**Work request**
Below are records to transcribe exactly, without their pictures.
——
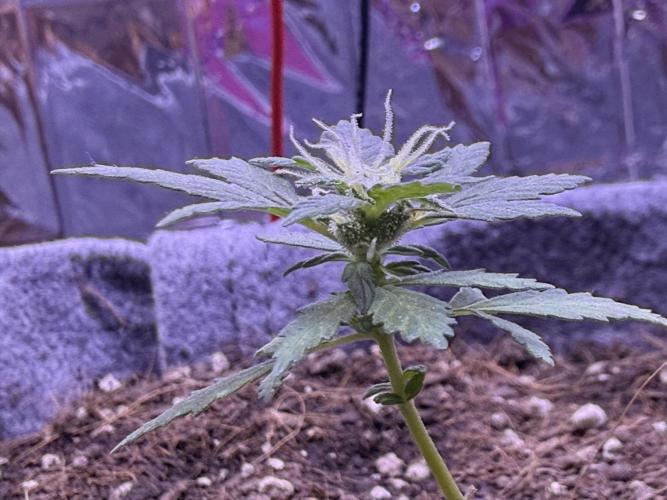 Runtz auto. Week 6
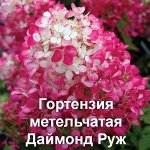 Гортензия метельчатая Даймонд Руж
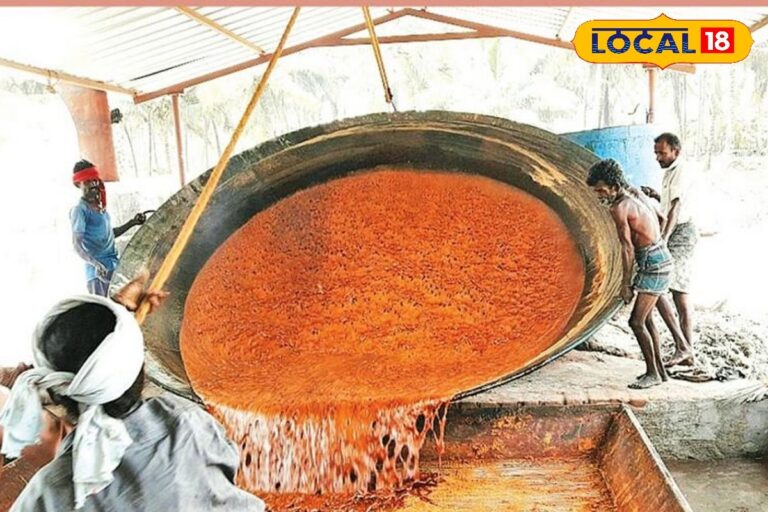 HYP_5619429_cropped_04122025_174435_image_search_1764849616245_1-3x2-1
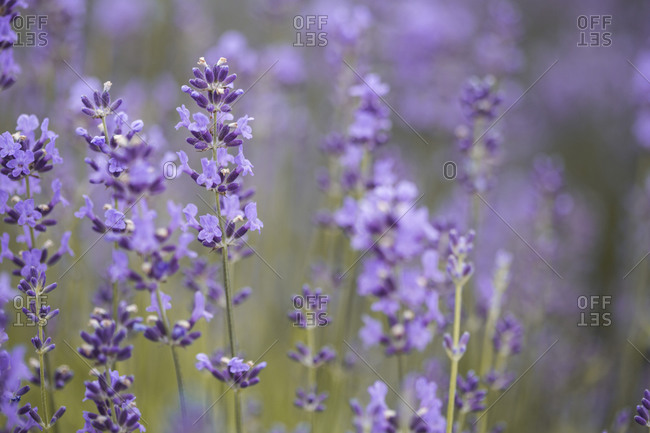 Close up of lavender in a field at sunset close up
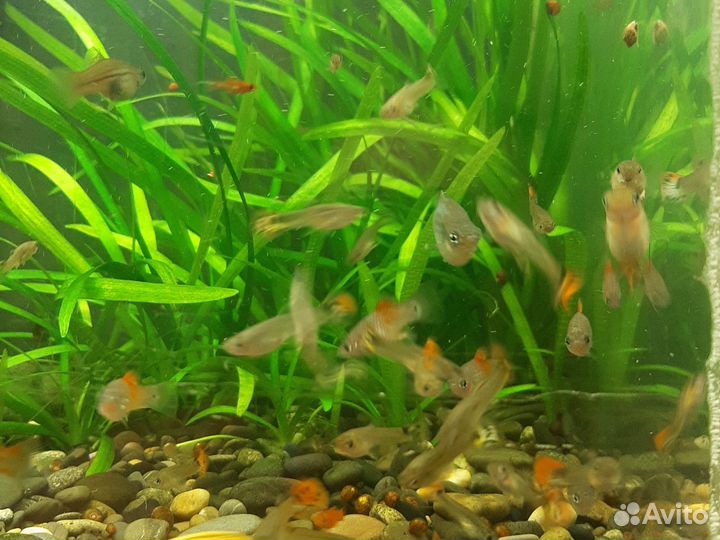 Аквариумные рыбки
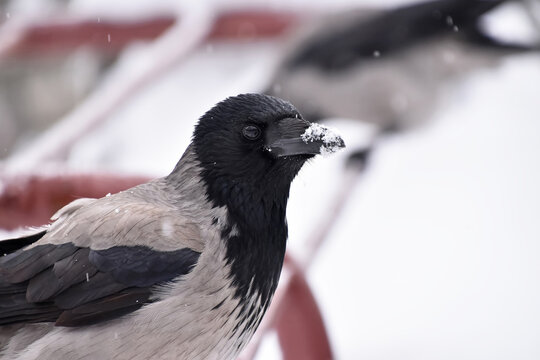 Hooded crow perching in falling snow on winter day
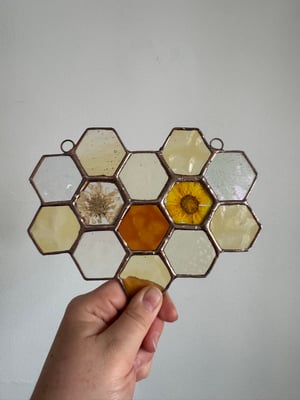 Honeycomb with Calendula and Pincushion flowers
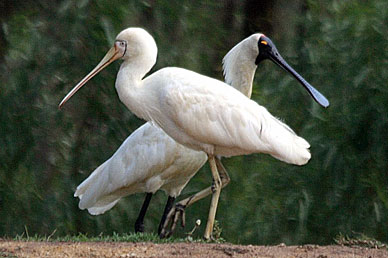 Yellow-billed Spoonbill and Royal Spoonbill
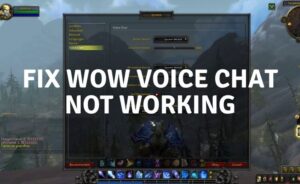 WoW Voice Chat Not Working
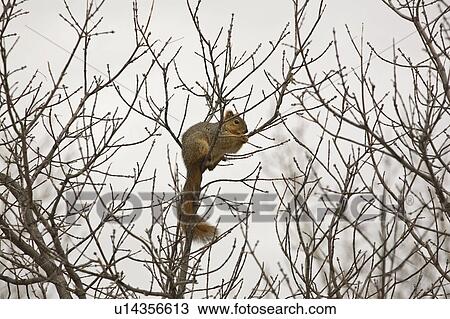 canada, squirrel, saskatchewan, scenic, tree, red View Large Photo Image Stock Image - canada, squirrel, saskatchewan, scenic, tree, red. Fotosearch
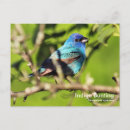 Search for passerina postcards Nature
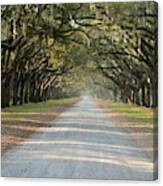 Oak Avenue Canvas Print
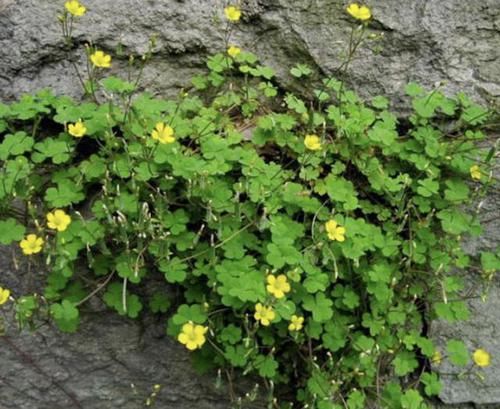 「草本植物」在阴湿的田野里,生长着1种“酸酸草”,根茎像“白萝卜”,珍贵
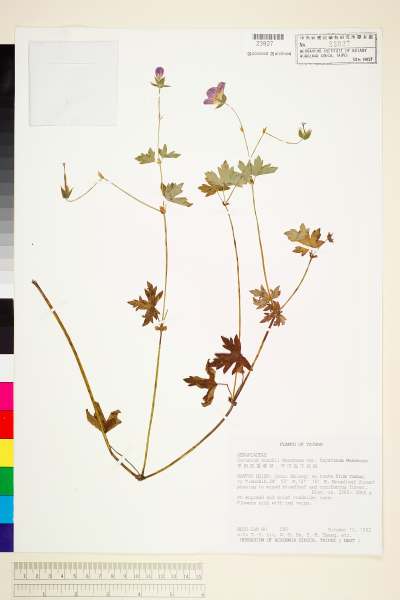 中文種名:早田牻牛兒苗學名:Geranium suzukii Masam. var. hayatanum Masam.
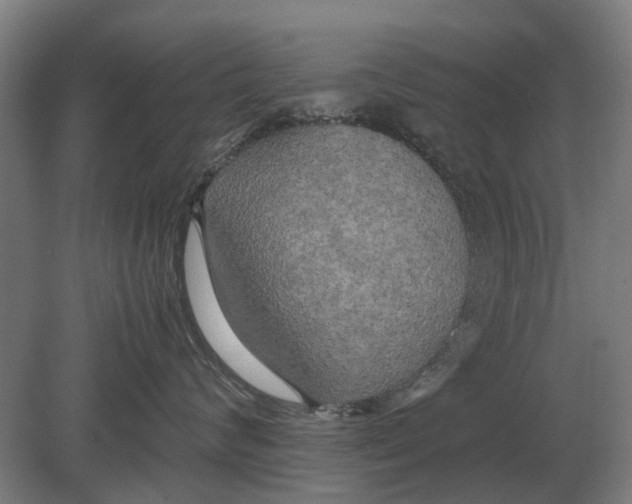 X0000080800624200701051421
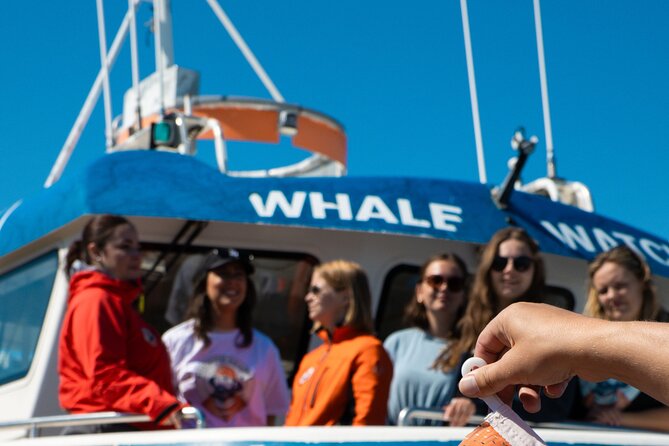 2 Hours Whale Watching Express Adventure - Weather, cancellations, and the free second cruise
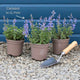 Catmint 'Purrsian Blue' | Nepeta Perennial Bedding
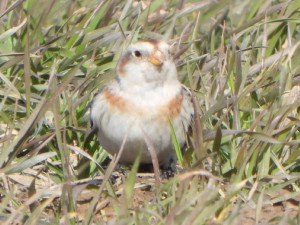 Na střední Moravě se začala objevovat vzácná sněhule severní. Hejna táhnou na sever Evropy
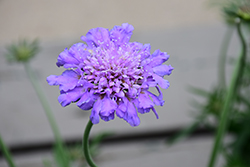 Butterfly Blue Pincushion Flower (Scabiosa 'Butterfly Blue') at Marlin Orchards & Garden Centre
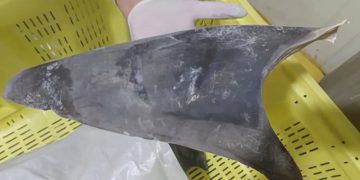 Ibama proíbe exportação de barbatanas de tubarão-azul no Brasil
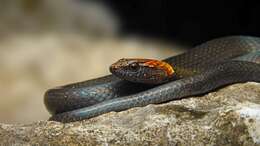 Image of Rustyhead Snake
——
**Answer to this problem**
 Runtz auto. Week 6
 Гортензия метельчатая Даймонд Руж
 HYP_5619429_cropped_04122025_174435_image_search_1764849616245_1-3x2-1
 Close up of lavender in a field at sunset close up
 Аквариумные рыбки
 Hooded crow perching in falling snow on winter day
 Honeycomb with Calendula and Pincushion flowers
 Yellow-billed Spoonbill and Royal Spoonbill
 WoW Voice Chat Not Working
 canada, squirrel, saskatchewan, scenic, tree, red View Large Photo Image Stock Image - canada, squirrel, saskatchewan, scenic, tree, red. Fotosearch
 Search for passerina postcards Nature
 Oak Avenue Canvas Print
 「草本植物」在阴湿的田野里,生长着1种“酸酸草”,根茎像“白萝卜”,珍贵
 中文種名:早田牻牛兒苗學名:Geranium suzukii Masam. var. hayatanum Masam.
 X0000080800624200701051421
 2 Hours Whale Watching Express Adventure - Weather, cancellations, and the free second cruise
 Catmint 'Purrsian Blue' | Nepeta Perennial Bedding
 Na střední Moravě se začala objevovat vzácná sněhule severní. Hejna táhnou na sever Evropy
 Butterfly Blue Pincushion Flower (Scabiosa 'Butterfly Blue') at Marlin Orchards & Garden Centre
 Ibama proíbe exportação de barbatanas de tubarão-azul no Brasil
 Image of Rustyhead Snake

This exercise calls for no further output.